Em meio ao cenário de degradação no RS, o tema também corre risco a nível nacional, com o Projeto de Lei (PL) 364, de 2019, proposto justamente para alterar a Lei de Proteção da Vegetação Nativa, a partir da ampliação da conversão de campo nativo em áreas consolidadas.

“O argumento usado pelos deputados na Câmara Federal em favor do PL 364 é de que, nessas áreas consolidadas, se o proprietário quiser converter [o uso da terra] em [plantação de] soja, não precisa causar desmatamento, porque não tem mais árvores.

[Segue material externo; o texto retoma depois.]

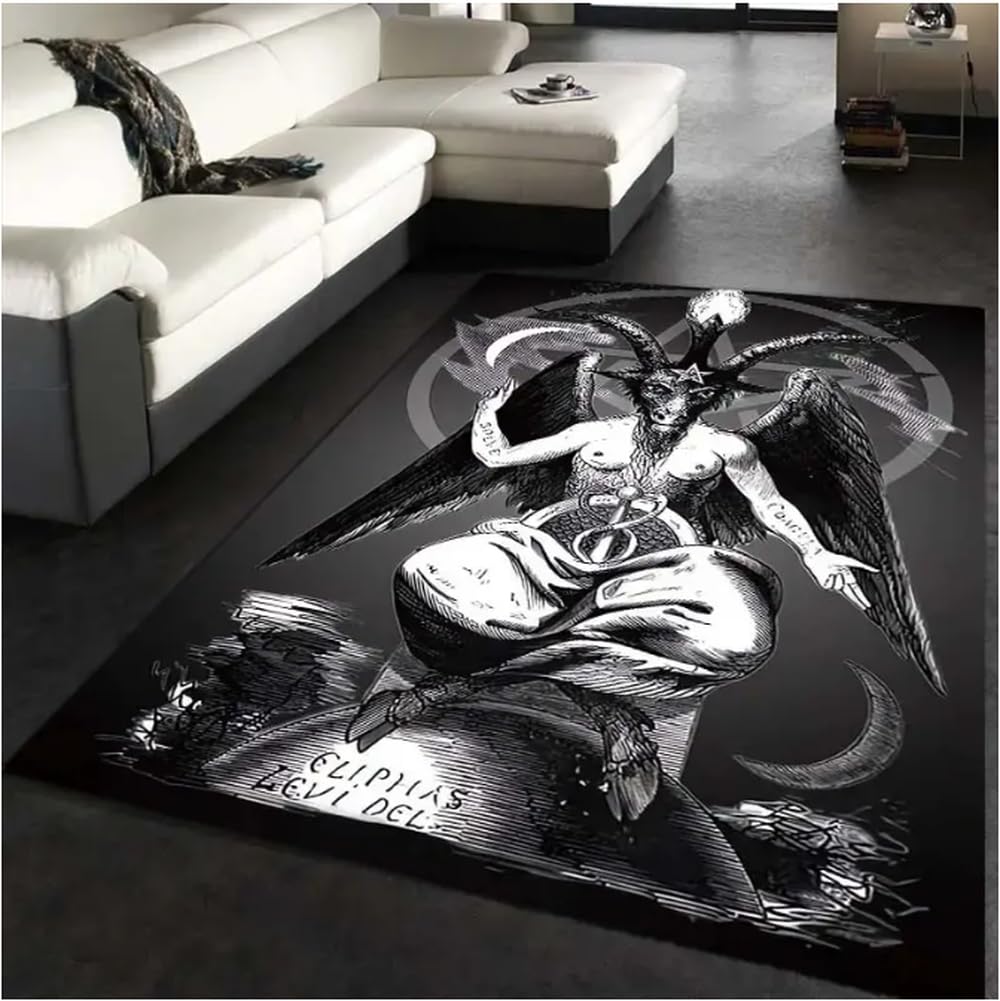 Tapis lune pentagramme gothique pour créer un coin sorcière mystique au salon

Ou seja, uma visão que reproduz esse senso comum de que essas áreas seriam áreas degradadas porque não são florestas“, conta.

Segundo Pillar, os parlamentares querem ampliar os efeitos PL 364, que incialmente se referia aos campos do bioma Mata Atlântica, para desproteger os campos nativos – que estiverem sob uso pastoril – em todos os biomas. “O PL diz que os campos nativos de altitude que fazem parte do bioma Mata Atlântica também poderão ser declarados como área rural de uso consolidado e, portanto, não estarão protegidos mais pela lei da Mata Atlântica. O projeto ainda não foi aprovado, mas deve ser pela maioria que tem na Câmara. Agora há muita esperança que talvez o Senado possa vetar [a proposta], ou o governo Lula“, conclui.